Nichts für zarte Gemüter, würde ich sagen – denn der ist, ganz im wörtlichen Sinn, aus der alles andere als keimfreien Luft gegriffen: Die gärende Masse war, vor längerer Zeit, mal eine ganz einfache Mischung aus Mehl und gefiltertem (!) Wasser. Doch schon nach etwas mehr als einem Tag zeigten sich kleine Bläschen, die verrieten, dass sich hier Bakterien (Milchsäurebakterien, wie ich hier nachlesen konnte) und offenbar auch irgendwelche in der Küchenluft schwebenden Hefepilze tummeln – kann sein, dass es sich dabei tatsächlich nur um die gewöhnliche Backhefe, Saccharomyces cerevisiae handelt. Aber ohne Labortest kann man da ja nicht wirklich sicher sein…

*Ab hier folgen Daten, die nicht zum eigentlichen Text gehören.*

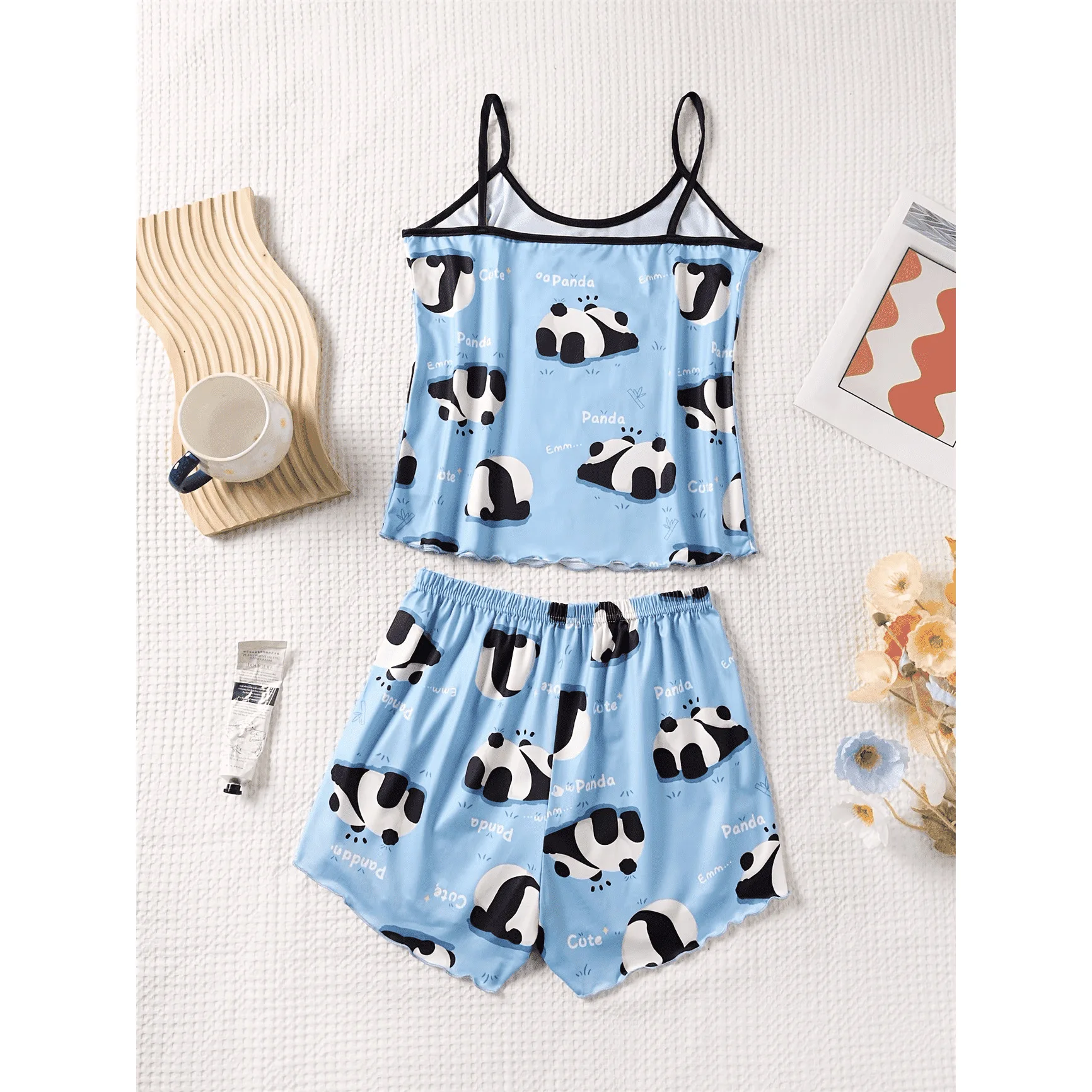 

Suspender shorts loungewear set women's 2026 new milk silk printing cute red panda pattern pajama set summer thin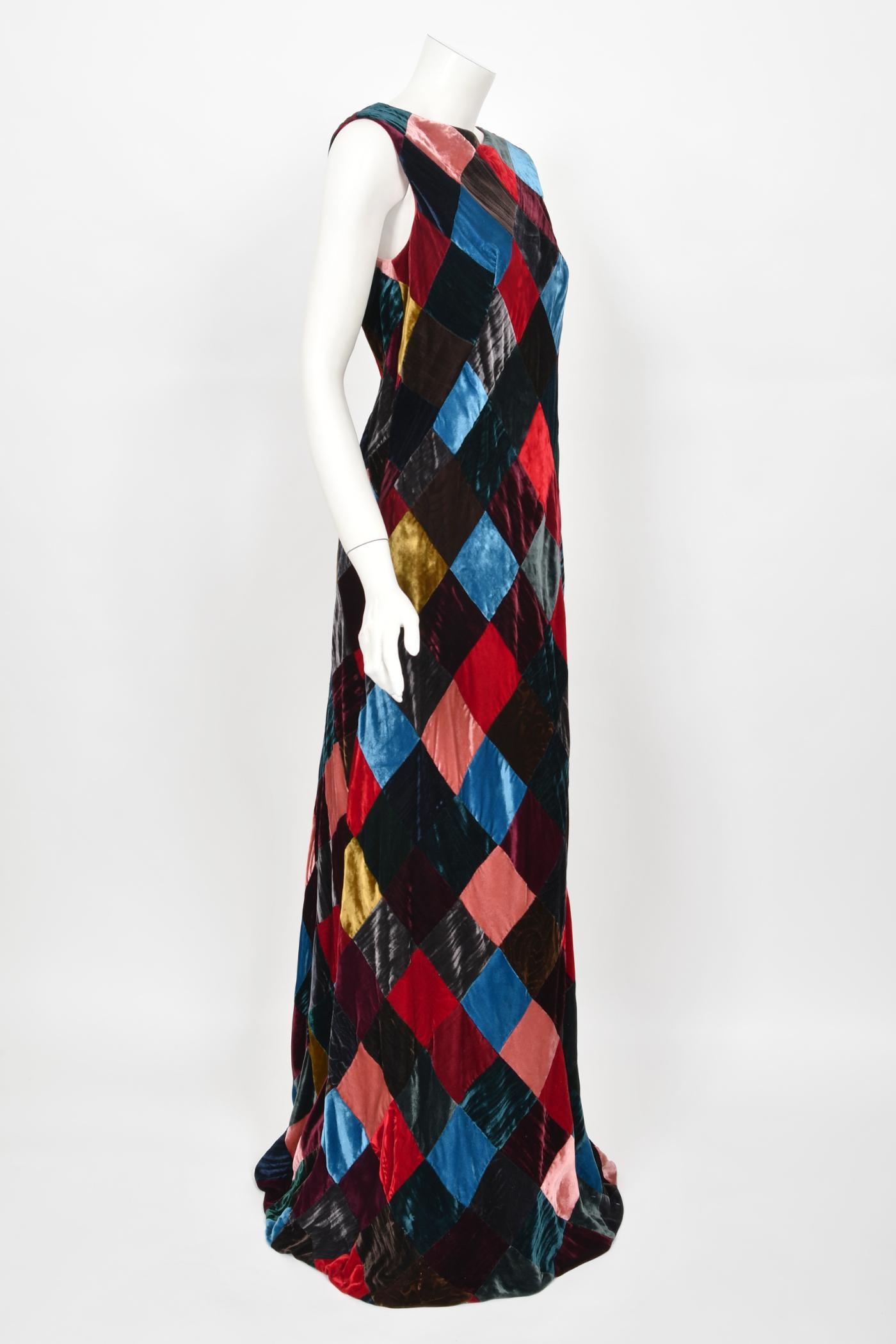 1994 Dolce & Gabbana Editorial Runway Multi-Color Patchwork Velvet Bias Cut Gown For Sale 1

Sicher ist jedenfalls, dass dieser in seiner “gammeligen” Entstehung eher abschreckende Sauerteig, gemischt mit Roggen- und Weizenmehl, sowie etwas Wasser und Salz (mehr braucht’s dazu wirklich nicht) und natürlich dem beim Kneten notwendigen Muskelschmalz (Küchenmaschinen sind was für Weichlinge!), zu wirklich aromatischen, herzhaften Erzeugnissen führen, die jemanden wie mich, der lange nach auch nur annähernd brauch- und genießbarem Brot in seiner amerikanischen Wahlheimat suchen musste, zumindest kurzzeitig jeglichen Frust und Überdruss vergessen (und statt dessen Brot essen) lassen:

Roggenmischbrot

Falls sich jemand wundert: Die unterschwelligen Politfrustkommentare werden – hoffentlich – auch weiterhin zumeist unterschwellig bleiben. Zumindest was die US-Politik angeht, kann ich es sowieso nur noch mit Karl Marx halten. Genauer gesagt, mit seiner Beobachtung, dass sich “alle großen weltgeschichtlichen Tatsachen und Personen” immer zweimal ereigneten – das erste Mal als Tragödie, das zweite Mal als Farce. Eine Farce ist’s ja schon – ich hoffe nur, dass sie nicht tragisch endet.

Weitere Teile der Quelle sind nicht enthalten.